6. Verfahren gemäss Patentanspruch 5, dadurch gekennzeichnet, dass die Signallinien (L) von der letzten Messstelle (MS) an zweite Klemmpaare (K2) der Signalzentrale (Z) zurückgeführt werden und dass die Messstellen (MS) von der Signal-zentrale (Z) sowohl über die Klemmpaare (Kl) als auch über die Klemmpaare (K2) angesteuert werden können.
7. Verfahren gemäss einem der Patentansprüche 2 bis 6, dadurch gekennzeichnet, dass nach der Belegung der Adressspeicher (AR) sämtlicher Messstellen (MS) einer Signallinie (L) alle
Schaltelemente (S) geschlossen werden und somit alle Messstellen (MS) der Signallinie (L) parallel an die Signalzentrale (Z) angeschlossen werden.
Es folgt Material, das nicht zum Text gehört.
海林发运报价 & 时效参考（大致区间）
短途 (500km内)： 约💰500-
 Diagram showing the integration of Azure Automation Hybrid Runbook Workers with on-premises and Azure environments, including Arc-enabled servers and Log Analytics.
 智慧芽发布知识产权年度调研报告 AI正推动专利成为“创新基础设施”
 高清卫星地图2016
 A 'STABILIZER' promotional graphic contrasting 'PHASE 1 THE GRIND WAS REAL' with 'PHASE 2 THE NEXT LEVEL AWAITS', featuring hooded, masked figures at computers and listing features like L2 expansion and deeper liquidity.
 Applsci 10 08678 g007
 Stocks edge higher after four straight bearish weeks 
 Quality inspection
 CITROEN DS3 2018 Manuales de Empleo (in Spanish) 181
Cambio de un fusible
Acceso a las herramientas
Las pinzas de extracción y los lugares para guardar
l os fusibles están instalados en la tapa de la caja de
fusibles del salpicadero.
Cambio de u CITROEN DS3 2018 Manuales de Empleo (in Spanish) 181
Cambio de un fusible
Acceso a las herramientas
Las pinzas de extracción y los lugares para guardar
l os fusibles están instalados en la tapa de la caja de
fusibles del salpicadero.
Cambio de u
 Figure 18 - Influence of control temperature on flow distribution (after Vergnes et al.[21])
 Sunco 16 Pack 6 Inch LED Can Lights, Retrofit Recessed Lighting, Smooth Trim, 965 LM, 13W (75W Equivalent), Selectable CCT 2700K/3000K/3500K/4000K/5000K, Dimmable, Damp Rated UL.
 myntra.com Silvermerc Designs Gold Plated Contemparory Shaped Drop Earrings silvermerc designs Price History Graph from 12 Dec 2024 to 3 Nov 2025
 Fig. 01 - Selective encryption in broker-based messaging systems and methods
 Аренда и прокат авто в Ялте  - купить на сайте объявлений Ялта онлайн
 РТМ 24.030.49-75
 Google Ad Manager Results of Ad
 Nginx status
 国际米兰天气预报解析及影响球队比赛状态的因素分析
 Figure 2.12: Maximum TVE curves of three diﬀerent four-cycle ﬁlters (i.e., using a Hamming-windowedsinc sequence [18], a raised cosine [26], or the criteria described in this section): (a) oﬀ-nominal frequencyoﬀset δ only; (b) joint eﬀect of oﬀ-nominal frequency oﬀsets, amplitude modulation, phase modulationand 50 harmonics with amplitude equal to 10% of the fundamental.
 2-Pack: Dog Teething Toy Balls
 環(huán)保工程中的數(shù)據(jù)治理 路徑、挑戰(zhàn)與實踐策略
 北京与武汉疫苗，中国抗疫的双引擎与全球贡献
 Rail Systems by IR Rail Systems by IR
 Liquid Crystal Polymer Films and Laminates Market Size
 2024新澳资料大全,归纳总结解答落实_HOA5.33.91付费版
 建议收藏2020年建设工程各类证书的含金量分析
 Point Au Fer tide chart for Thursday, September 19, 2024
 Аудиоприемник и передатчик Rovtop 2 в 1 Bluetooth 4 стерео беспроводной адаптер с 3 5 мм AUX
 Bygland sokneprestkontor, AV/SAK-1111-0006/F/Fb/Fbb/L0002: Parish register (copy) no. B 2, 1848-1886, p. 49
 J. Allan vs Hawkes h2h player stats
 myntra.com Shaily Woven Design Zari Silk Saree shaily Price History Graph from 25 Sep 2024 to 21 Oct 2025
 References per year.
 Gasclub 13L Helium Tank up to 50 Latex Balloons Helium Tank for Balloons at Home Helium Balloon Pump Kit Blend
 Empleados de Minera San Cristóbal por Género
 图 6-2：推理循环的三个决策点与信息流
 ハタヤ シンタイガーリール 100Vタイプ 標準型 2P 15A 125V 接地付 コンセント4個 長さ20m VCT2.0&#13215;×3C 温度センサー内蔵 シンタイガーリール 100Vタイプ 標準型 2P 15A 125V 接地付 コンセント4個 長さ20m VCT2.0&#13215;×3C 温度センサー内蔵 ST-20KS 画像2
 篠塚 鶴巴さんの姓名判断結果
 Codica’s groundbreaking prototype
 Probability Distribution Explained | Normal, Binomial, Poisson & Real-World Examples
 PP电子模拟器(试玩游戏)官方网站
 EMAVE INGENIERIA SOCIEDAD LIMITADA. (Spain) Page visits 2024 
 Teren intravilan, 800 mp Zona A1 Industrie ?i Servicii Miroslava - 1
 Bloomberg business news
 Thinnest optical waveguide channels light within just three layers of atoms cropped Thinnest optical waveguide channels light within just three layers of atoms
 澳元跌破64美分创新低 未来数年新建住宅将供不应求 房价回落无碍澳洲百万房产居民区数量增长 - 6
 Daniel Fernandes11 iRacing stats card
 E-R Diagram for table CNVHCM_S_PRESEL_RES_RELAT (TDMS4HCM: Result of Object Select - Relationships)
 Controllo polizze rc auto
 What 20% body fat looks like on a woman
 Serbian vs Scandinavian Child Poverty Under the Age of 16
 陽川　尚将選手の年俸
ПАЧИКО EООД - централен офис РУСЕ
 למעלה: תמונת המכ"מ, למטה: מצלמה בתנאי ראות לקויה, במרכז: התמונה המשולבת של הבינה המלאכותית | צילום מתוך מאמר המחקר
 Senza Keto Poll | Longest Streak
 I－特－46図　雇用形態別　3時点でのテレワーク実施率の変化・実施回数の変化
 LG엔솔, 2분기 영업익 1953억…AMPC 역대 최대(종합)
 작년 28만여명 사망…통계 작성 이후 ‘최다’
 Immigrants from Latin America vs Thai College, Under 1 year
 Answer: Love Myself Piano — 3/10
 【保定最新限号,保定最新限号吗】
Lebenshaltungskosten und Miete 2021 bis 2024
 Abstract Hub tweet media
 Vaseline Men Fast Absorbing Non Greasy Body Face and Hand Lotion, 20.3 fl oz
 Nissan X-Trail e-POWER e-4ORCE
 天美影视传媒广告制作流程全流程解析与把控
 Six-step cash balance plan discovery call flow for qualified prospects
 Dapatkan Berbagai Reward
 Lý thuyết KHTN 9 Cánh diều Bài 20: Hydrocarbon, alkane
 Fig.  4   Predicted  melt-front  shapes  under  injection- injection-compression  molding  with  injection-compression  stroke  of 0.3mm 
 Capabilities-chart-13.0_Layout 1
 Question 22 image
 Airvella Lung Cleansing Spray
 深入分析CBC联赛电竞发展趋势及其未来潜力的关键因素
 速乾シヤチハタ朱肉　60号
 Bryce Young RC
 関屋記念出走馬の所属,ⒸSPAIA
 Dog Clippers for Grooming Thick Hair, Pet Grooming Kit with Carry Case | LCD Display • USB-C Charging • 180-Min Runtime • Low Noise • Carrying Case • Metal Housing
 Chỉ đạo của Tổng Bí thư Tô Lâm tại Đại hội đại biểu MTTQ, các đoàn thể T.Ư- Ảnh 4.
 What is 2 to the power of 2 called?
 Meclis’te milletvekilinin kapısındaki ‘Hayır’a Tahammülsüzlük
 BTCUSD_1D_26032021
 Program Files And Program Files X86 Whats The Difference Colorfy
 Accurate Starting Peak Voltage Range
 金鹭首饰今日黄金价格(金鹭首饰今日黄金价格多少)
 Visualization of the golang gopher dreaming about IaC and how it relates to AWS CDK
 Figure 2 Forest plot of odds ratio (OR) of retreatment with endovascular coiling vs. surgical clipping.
8. Verfahren gemäss einem der Patentansprüche 1 bis 7, dadurch gekennzeichnet, dass die in den Messstellen (MS) vorhandenen Kontrolleinheiten (KE) einen Kurzzschluss der Klemmpaare (1, 3A; 2, 3B), über welche die Messstellen (MS) mit der Signallinie (L) verbunden sind, erkennen können.
9. Verfahren gemäss einem der Patentansprüche 1 bis 8, dadurch gekennzeichnet, dass die Messstellen (MS) mit Messsensoren (M) zum Nachweis von Brandphänomenen oder Brandfolgeprodukten, zum Nachweis von schädlichen Gasen oder Dämpfen oder zum Nachweis von Eindringlingen in einen zu überwachenden Raum ausgerüstet werden.